Please give an exact transcription of the lines below, from the one that contains "House in El" to the very last, with no other lines.

MATERIAL TO PROCESS Block Start

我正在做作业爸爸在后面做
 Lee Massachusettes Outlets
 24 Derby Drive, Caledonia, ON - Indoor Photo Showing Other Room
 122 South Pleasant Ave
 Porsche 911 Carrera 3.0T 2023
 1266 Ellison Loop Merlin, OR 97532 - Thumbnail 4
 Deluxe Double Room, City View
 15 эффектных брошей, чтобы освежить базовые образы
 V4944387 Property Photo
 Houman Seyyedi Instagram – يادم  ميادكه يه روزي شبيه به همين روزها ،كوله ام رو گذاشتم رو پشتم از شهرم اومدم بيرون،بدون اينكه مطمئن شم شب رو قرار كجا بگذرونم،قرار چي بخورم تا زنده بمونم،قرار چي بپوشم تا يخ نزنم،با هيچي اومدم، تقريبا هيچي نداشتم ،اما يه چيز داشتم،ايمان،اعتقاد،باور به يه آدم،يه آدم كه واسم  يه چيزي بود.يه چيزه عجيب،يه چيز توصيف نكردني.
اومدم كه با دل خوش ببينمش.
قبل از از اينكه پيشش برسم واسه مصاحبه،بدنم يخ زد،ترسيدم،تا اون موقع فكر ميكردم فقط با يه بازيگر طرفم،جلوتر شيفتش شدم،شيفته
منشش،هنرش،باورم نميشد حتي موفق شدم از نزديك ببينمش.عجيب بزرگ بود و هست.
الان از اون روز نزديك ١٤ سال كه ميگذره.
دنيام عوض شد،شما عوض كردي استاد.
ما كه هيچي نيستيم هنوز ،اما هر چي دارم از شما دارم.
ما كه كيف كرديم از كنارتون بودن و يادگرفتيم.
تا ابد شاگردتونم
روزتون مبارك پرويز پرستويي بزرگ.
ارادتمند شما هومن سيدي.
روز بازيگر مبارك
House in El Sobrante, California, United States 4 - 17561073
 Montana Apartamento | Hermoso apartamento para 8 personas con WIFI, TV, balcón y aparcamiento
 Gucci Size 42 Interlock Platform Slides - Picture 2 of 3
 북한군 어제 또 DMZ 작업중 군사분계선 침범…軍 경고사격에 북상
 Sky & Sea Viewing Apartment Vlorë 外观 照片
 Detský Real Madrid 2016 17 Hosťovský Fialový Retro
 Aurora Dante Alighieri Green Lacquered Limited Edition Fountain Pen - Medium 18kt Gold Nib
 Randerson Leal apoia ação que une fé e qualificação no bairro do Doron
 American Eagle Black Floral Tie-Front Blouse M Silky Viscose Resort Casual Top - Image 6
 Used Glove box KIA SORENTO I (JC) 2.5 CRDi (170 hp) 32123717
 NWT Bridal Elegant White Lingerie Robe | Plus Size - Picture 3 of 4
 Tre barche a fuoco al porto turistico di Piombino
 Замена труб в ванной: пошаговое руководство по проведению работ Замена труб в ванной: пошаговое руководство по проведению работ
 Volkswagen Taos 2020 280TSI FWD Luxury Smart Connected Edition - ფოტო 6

MATERIAL TO PROCESS Block End

▸ **RESPONSE AREA**
House in El Sobrante, California, United States 4 - 17561073
 Montana Apartamento | Hermoso apartamento para 8 personas con WIFI, TV, balcón y aparcamiento
 Gucci Size 42 Interlock Platform Slides - Picture 2 of 3
 북한군 어제 또 DMZ 작업중 군사분계선 침범…軍 경고사격에 북상
 Sky & Sea Viewing Apartment Vlorë 外观 照片
 Detský Real Madrid 2016 17 Hosťovský Fialový Retro
 Aurora Dante Alighieri Green Lacquered Limited Edition Fountain Pen - Medium 18kt Gold Nib
 Randerson Leal apoia ação que une fé e qualificação no bairro do Doron
 American Eagle Black Floral Tie-Front Blouse M Silky Viscose Resort Casual Top - Image 6
 Used Glove box KIA SORENTO I (JC) 2.5 CRDi (170 hp) 32123717
 NWT Bridal Elegant White Lingerie Robe | Plus Size - Picture 3 of 4
 Tre barche a fuoco al porto turistico di Piombino
 Замена труб в ванной: пошаговое руководство по проведению работ Замена труб в ванной: пошаговое руководство по проведению работ
 Volkswagen Taos 2020 280TSI FWD Luxury Smart Connected Edition - ფოტო 6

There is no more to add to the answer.